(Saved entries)
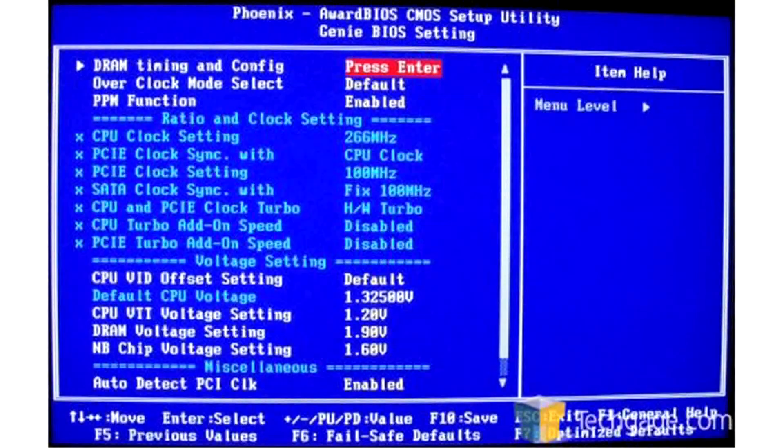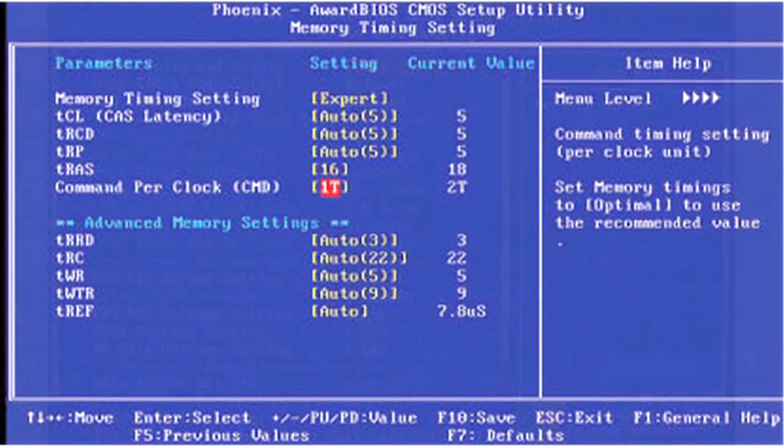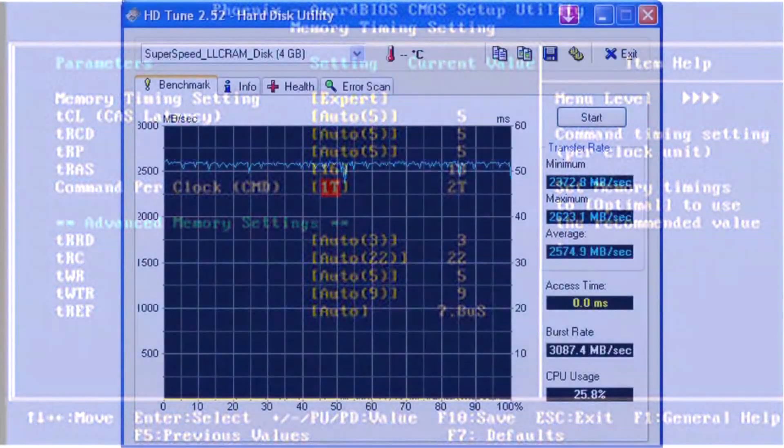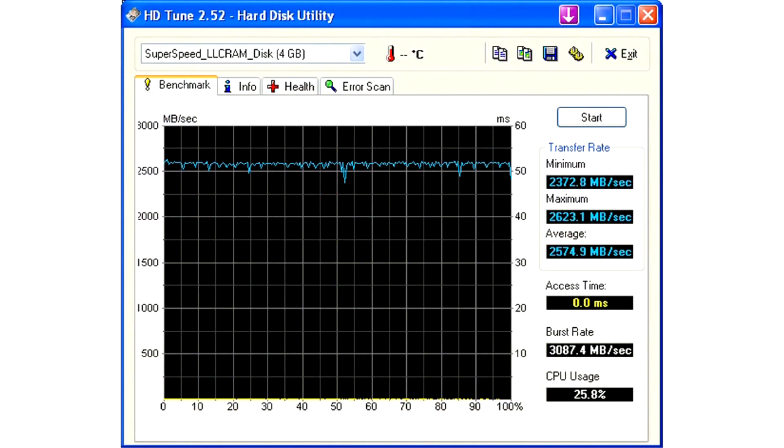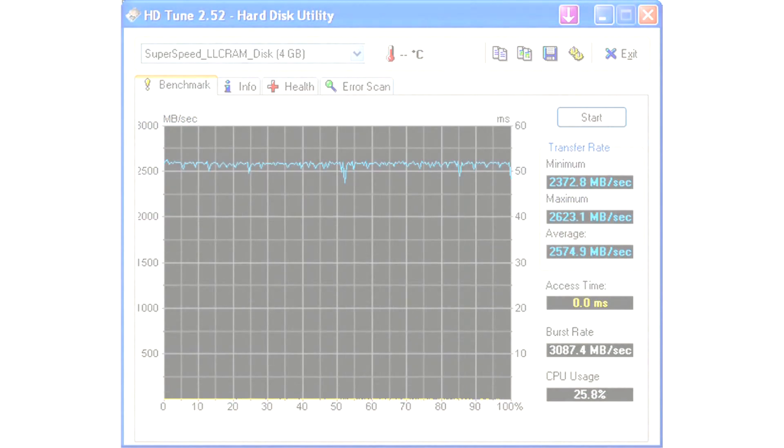Hello, today I'm going to explain what is RAM Timing. RAM Timing generally refers to the amount of time it takes for the memory to get ready for access by the memory controller.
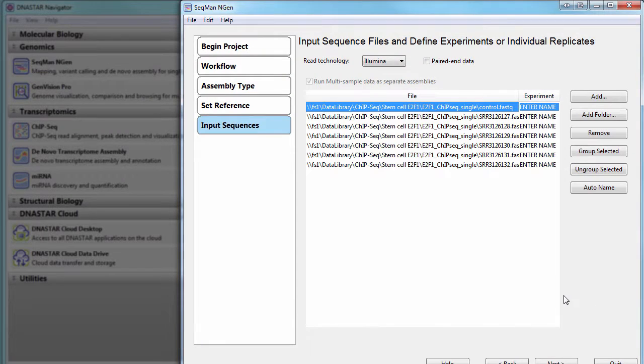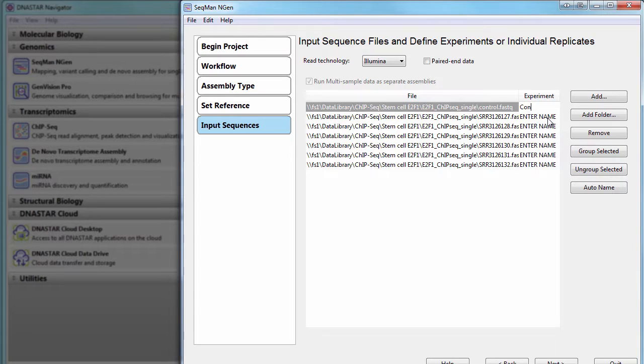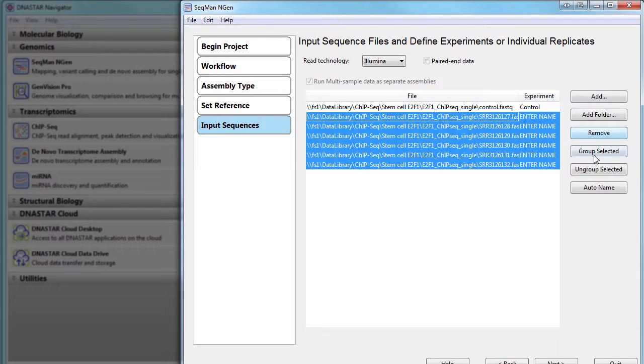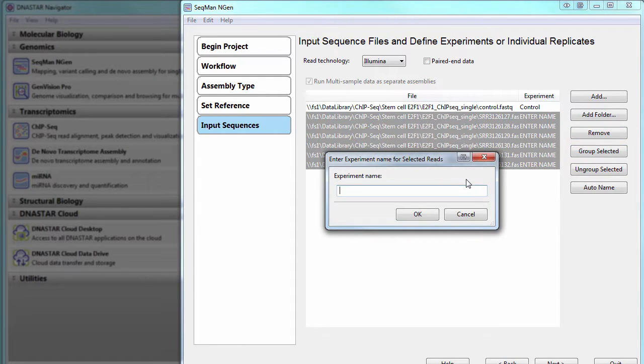Now we need to specify an experiment for each file that we've loaded. The first file is my control, so I'll label that control. And the rest of the files are part of an E2F1 ChipSeq experiment, so I'm going to group those and name that IPE2F1.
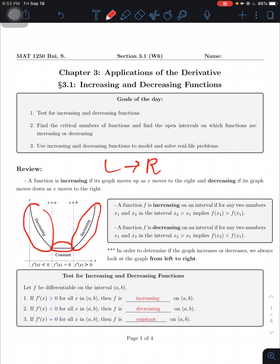If the function doesn't change at all — if it doesn't increase or decrease — we call it a constant function. To connect this back to the concept of slope: for a decreasing function, the slope is negative; for an increasing function, the slope is positive; and for a constant function, the slope equals zero. Let me put down the formal definition of increasing and decreasing functions.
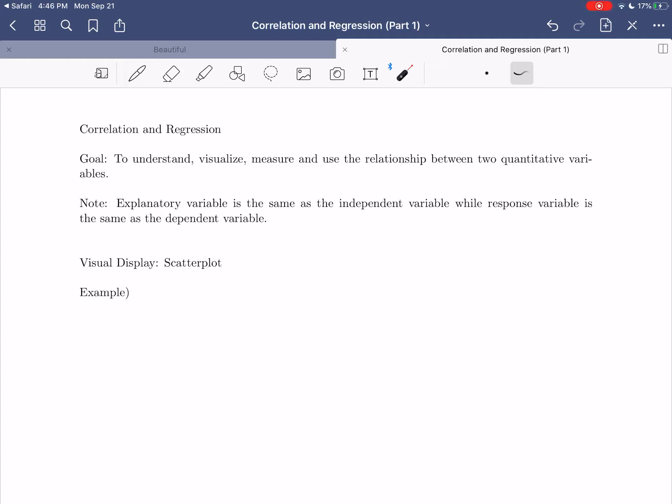Hi everybody, I hope this video finds you well. In today's video, we're going to be starting into our investigation about correlation and regression. If you recall from the last couple of videos, we've been spending a little bit of time talking about statistical studies. We said that in a statistical study, the goal is to analyze the relationship between two statistical variables. Correlation and regression is an attempt to actually study that relationship more mathematically.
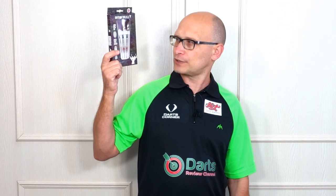Hello Darts Nuts, welcome to Darts Review Channel.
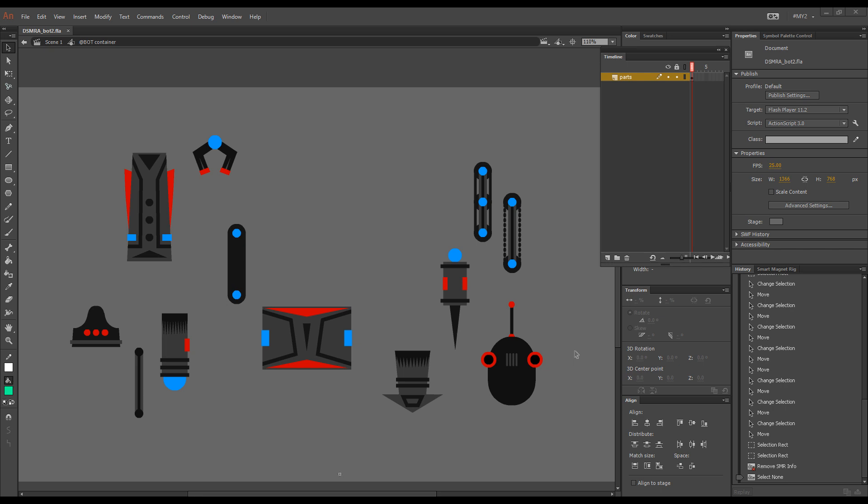Hello and welcome back. In this video I'd like to show you how to use the kineflex as a freestyle smart magnet rigging tool. Here on the stage, on a single layer, I have a bunch of symbols.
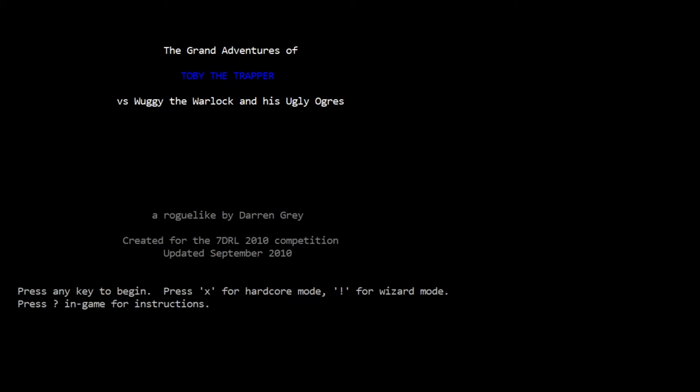Hey there roguelike fans, we are back to the 2010 seven-day roguelike challenge with Toby the Trapper, or as I'm just seeing here for the first time, The Grand Adventures of Toby the Trapper versus Wuggy the Warlock and His Ugly Ogres. I've never heard that full title before, that's kind of cool.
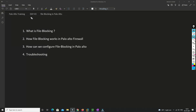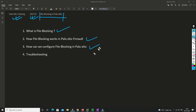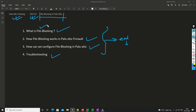Hello friends, welcome to my channel. Today is Day 43 of our Palo Alto firewall training series. In this video I'll be covering what is file blocking, how exactly it works, how to configure it, and some troubleshooting steps. Please watch till the end so you can understand everything. Also please subscribe and hit the bell icon so you never miss a video.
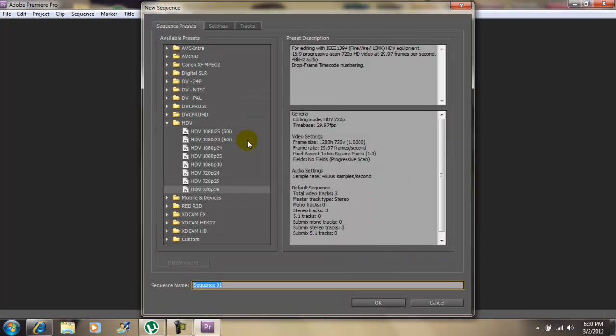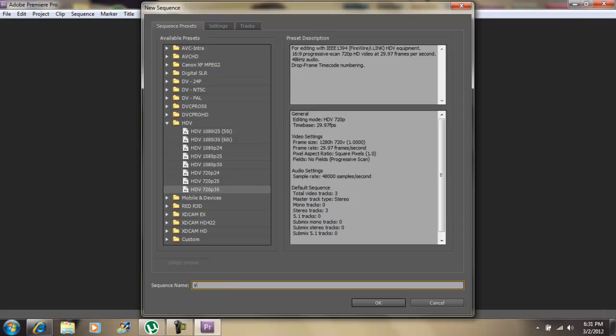Now for your presets, you want to choose this one right here, HDV 720 30. Now you want to title your sequence and then click OK.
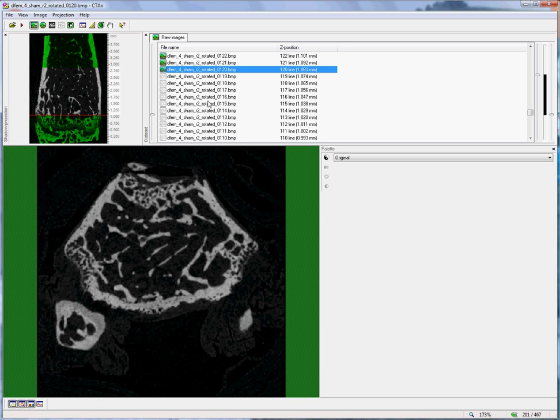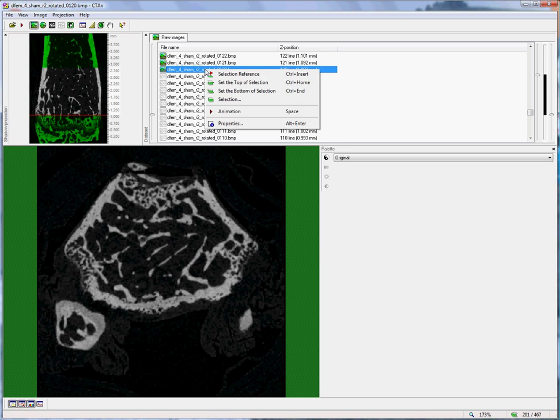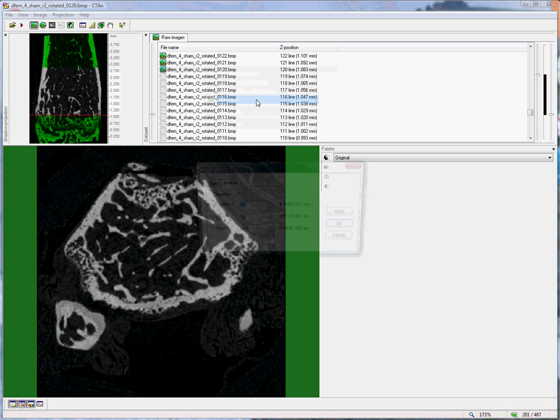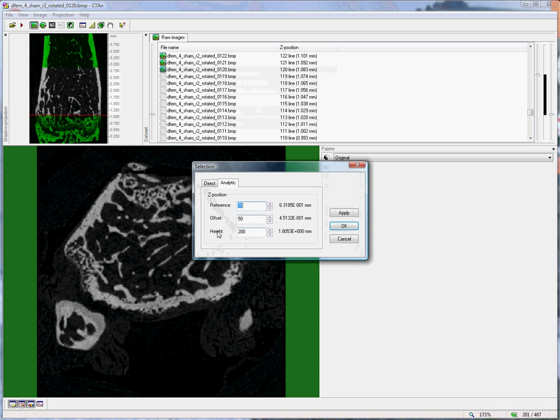In this case, I've used 50 slices, but you can decide for yourself what is the appropriate number. If I right-click again and go down to the selection item, then I can enter these two parameters, the offset and the height.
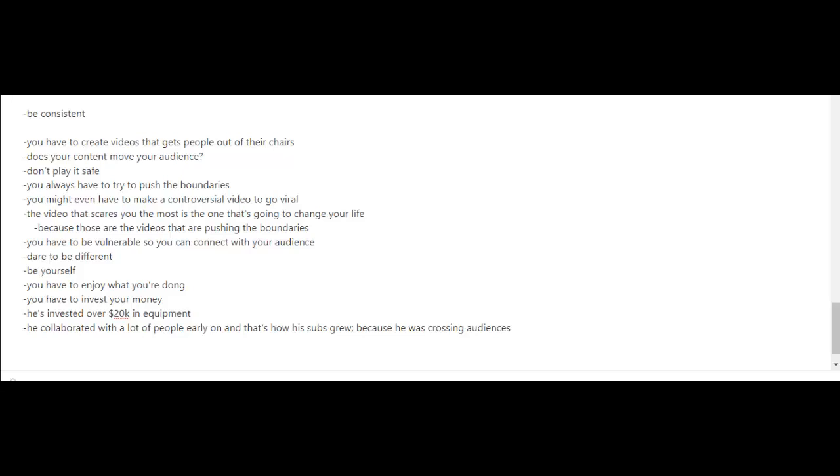Another tip from Ralph is to invest your money. He's invested well over $20,000 in equipment. And lastly, collaboration. He's collaborated with a lot of people early on and that's how his subscribers grew, because he was crossing audiences.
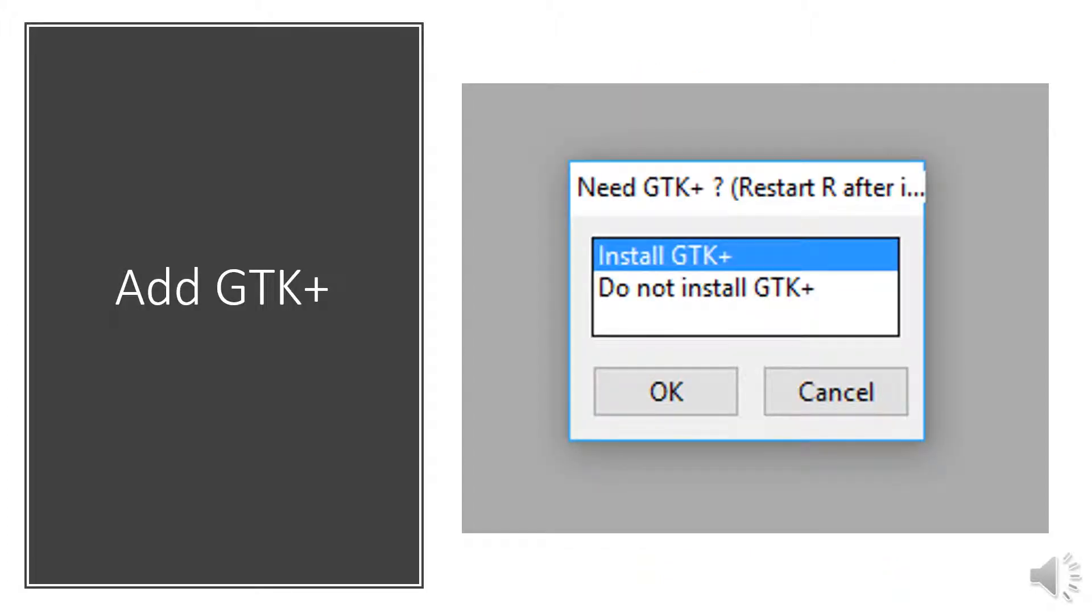Once you select the RQDA package for Install, you will be prompted to install the GTK Plus package. This is just an additional package that needs to be installed in order to run it.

## Activity
When you set down the records above, copy every line exactly and exclude the pictures.

## Written response
Hello, today I'm going to explain what is RAM Timing. RAM Timing generally refers to the amount of time it takes for the memory to get ready for access by the memory controller.
Now we need to specify an experiment for each file that we've loaded. The first file is my control, so I'll label that control. And the rest of the files are part of an E2F1 ChipSeq experiment, so I'm going to group those and name that IPE2F1.
If the function doesn't change at all — if it doesn't increase or decrease — we call it a constant function. To connect this back to the concept of slope: for a decreasing function, the slope is negative; for an increasing function, the slope is positive; and for a constant function, the slope equals zero. Let me put down the formal definition of increasing and decreasing functions.
Hi everybody, I hope this video finds you well. In today's video, we're going to be starting into our investigation about correlation and regression. If you recall from the last couple of videos, we've been spending a little bit of time talking about statistical studies. We said that in a statistical study, the goal is to analyze the relationship between two statistical variables. Correlation and regression is an attempt to actually study that relationship more mathematically.
Hello Darts Nuts, welcome to Darts Review Channel.
Hello and welcome back. In this video I'd like to show you how to use the kineflex as a freestyle smart magnet rigging tool. Here on the stage, on a single layer, I have a bunch of symbols.
Hey there roguelike fans, we are back to the 2010 seven-day roguelike challenge with Toby the Trapper, or as I'm just seeing here for the first time, The Grand Adventures of Toby the Trapper versus Wuggy the Warlock and His Ugly Ogres. I've never heard that full title before, that's kind of cool.
Hello friends, welcome to my channel. Today is Day 43 of our Palo Alto firewall training series. In this video I'll be covering what is file blocking, how exactly it works, how to configure it, and some troubleshooting steps. Please watch till the end so you can understand everything. Also please subscribe and hit the bell icon so you never miss a video.
Now for your presets, you want to choose this one right here, HDV 720 30. Now you want to title your sequence and then click OK.
In this case, I've used 50 slices, but you can decide for yourself what is the appropriate number. If I right-click again and go down to the selection item, then I can enter these two parameters, the offset and the height.
Another tip from Ralph is to invest your money. He's invested well over $20,000 in equipment. And lastly, collaboration. He's collaborated with a lot of people early on and that's how his subscribers grew, because he was crossing audiences.
Once you select the RQDA package for Install, you will be prompted to install the GTK Plus package. This is just an additional package that needs to be installed in order to run it.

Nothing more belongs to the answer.